· By Julia Boase

What Influences How We Feed Our Family? Part 1

This week’s blogpost is coming to you from my sick bed. The forced down time has actually been quite good for me as it’s enabled me to reflect on quite a few things. Something I find myself mulling over quite a bit, are all the factors that contribute to the choices we make about how we feed our family. 

What got me thinking about this, is that I let my 5yr old daughter clean her teeth both times today by herself. Now I know ideally that a parent should assist with teeth cleaning at this age and that kids don’t have the manual dexterity to clean their teeth properly until around 7-8yrs of age. Most of the time I try to help her because I want her to have great teeth and be without dental problems. But you know what? Today I just did not have the capacity to go and help her. It was a combination of being sick, feeling tired and just plain flat and I thought you know what - she can just manage by herself. 

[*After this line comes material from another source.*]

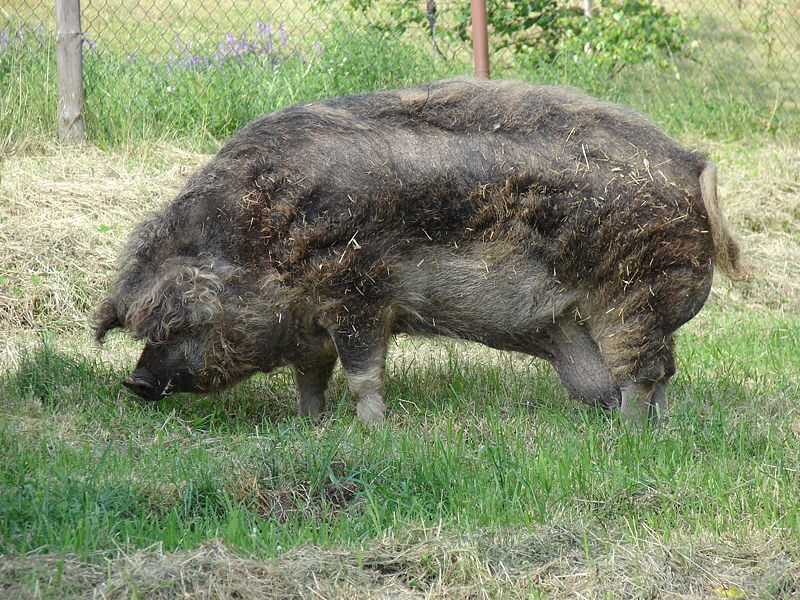 Внешний вид и размеры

Then I started to think about how this applies to food as well. There is just so much judgement on everything we do as parents these days (maybe there always was, I don’t know, I can only account for what I’ve seen and experienced myself). I recalled a newspaper article I read a few years ago now that was based around the results of a lunch box audit (that’s icky already right there in my books), where an “expert’ was called in to critique the lunch boxes.  There were lots of comments about how could parents just grab a bunch of snacks and call it lunch? But also comments like “why aren’t people repurposing their leftovers from dinner?”. The whole tone of the article was judgy and implying the inherent laziness of the parents. I’ve thought a lot about this article over the years. God knows I try hard to put together a nutritious and appealing lunch box for my kids, but they’re never perfect and that’s me, who is very invested in health and nutrition. I’m sure if you’re the CEO of a bank, then you probably think a lot less about lunch boxes than I do, but you probably do a bloody good job of teaching your kids about savings, mortgages and compound interest - things I don’t do well. 

And that brings me to the concept of capacity. Each of us as parents only has the capacity to take on so much each day. Our capacity to manage every aspect of our lives is determined by so many things, for example your mental health, financial status, working hours, social and emotional supports, number of children you’re caring for etc etc. On top of this, each of us will prioritise things that are important to us and each of us bring a “learned experience of food and eating” from our own childhoods.

And these are the things that influence the choices we make when it comes to putting food on the table or in a lunch box, not “laziness” as the above article I mentioned suggested. 

Whilst I know that good nutrition is important for kids, I also know that it can come in all shapes and sizes, and means different things to different families. I also know that nutrition is best measured as patterns over time and not determined by a single food or meal. 

The concept of the “Good Enough Mother” was coined by paediatrician and psychoanalyst D.W. Winnicott in 1953 to describe the characteristics of parenting that were “good enough” and lead to stable and happy families and children. He relates the term to a  process of parenting where the mother starts out as “hyper-responsive” to her infants needs, but relaxes this as the child grows and develops. He champions that the goal is not to be a perfect parent, but rather that the good enough parent (who is not always immediately available, but is mostly reliable) is actually important for developing autonomy and independence in our kids. 

I like to apply this concept to feeding our kids. We don’t have to get it perfect all of the time, because gods knows that’s something most of us couldn’t achieve no matter how hard we tried. Perhaps in your family, your family dinners rock, but your lunch boxes will only ever be so so, or maybe you’re the expert egg cooker at breakfast and you make a mean sandwich for the lunches, but dinner is a bit cobbled together because no one has the time or energy come night time. 

I think this has to be ok. 

I think what I’m trying to recognise is that being responsible for feeding your family is hard work. Most of us want to do the best job that we can for our kids, but there are always going to be limitations. Since you’ve found your way here, I hope that some my interest, enthusiasm and ideas for feeding kids can help you with the daily struggle. And in the mean time, if you’ve got tips on teaching kids about compound interest - I’m all ears!